-- Dataset section --
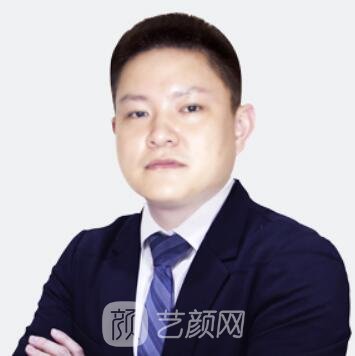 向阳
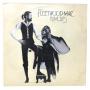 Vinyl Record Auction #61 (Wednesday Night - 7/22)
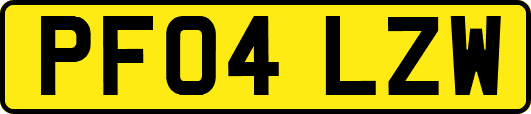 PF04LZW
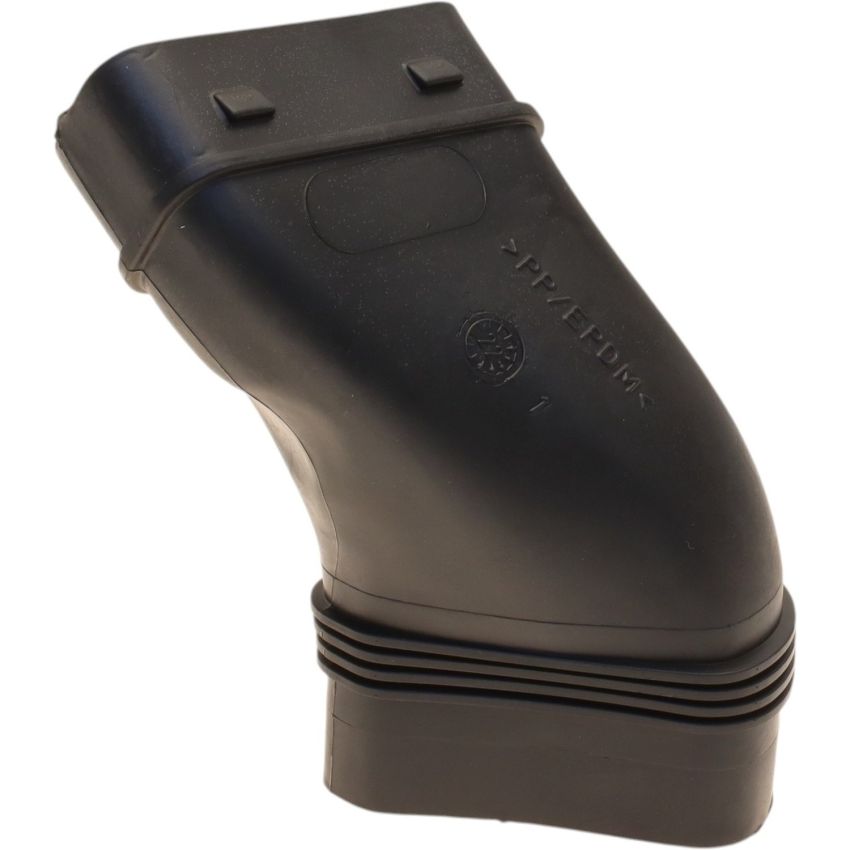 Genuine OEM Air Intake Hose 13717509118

-- Work to complete --
Write out all of the data above exactly, without any of its pictures.

-- Expected answer --
 向阳
 Vinyl Record Auction #61 (Wednesday Night - 7/22)
 PF04LZW
 Genuine OEM Air Intake Hose 13717509118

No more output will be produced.